もちろん自分で明細書を作成することもありますが、仕事量に合わせて、時には外注することもあります。

個人的には、企業の知財部にしか出来ない1の発明のタネ探しが、最も力を入れなければならないプロセスであると考えています。

職場は、どんな雰囲気ですか?

びっくりするくらいメリハリがあります。

知的財産権は企業の経営を支える財産であるため、仕事の際は細部まで気を遣い、あらゆるリスクを検討します。

一方で、仕事のスキマ時間の雑談では、さっきまでの彼らはどこにいったのだろうと感じるほど、明るい雰囲気に変わるんです。

私は、集中するタイミングを作りやすい今の環境を気に入っています。

将来のキャリアプランについて

今後のキャリアプランは、どのようなものをお考えですか?

知財部に異動してまだ2年ほどではありますが、今後も企業の知財部で働き続けたいと考えています。

特許事務所での仕事に比べ

  • 実験データに触れられる機会が多いこと
  • 出願・調査業務に加え、製品開発・事業戦略にも関われること

などが、私にとっての企業知財部で働くことの魅力です。

転職をするかは、現時点では何とも言えません。

現在の職場にて、様々な製品・事業に関する技術に触れながら、さらに専門としたい分野を見つけたいと考えています。

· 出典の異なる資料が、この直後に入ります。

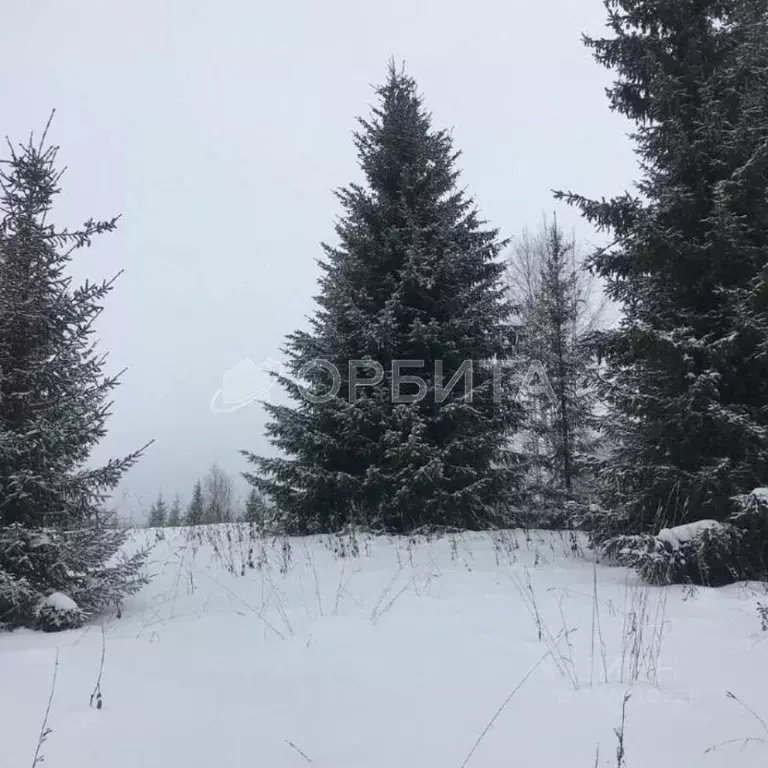 Участок в Тюменская область, Тюменский муниципальный округ, с. Кулига  ... - Фото 2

最後に、これから知財部で働きたい人にアドバイスをお願いします!

知財部への転職・異動のために、仕事のベースとなる知識・経験があるに越したことはありません。

しかし、個人的には一人で準備しすぎず、まずは求人に応募するのがよいと考えています。

主な理由は以下の2つです。

  • 求人に応募する・異動の希望を伝えることで、入手できる情報量が格段に増える
    (意思を周りに伝えると、支えてくれる人が驚くほどたくさんいます)
  • 知財部における実務を経験しなければ得られないものがたくさんある
    (一人前になるのに10年かかると言われる、とよく言われます)

転職・異動には勇気がいりますが、知人や転職サイト・エージェントを巻き込んで、一日でも早くスタートを切ることをおすすめします。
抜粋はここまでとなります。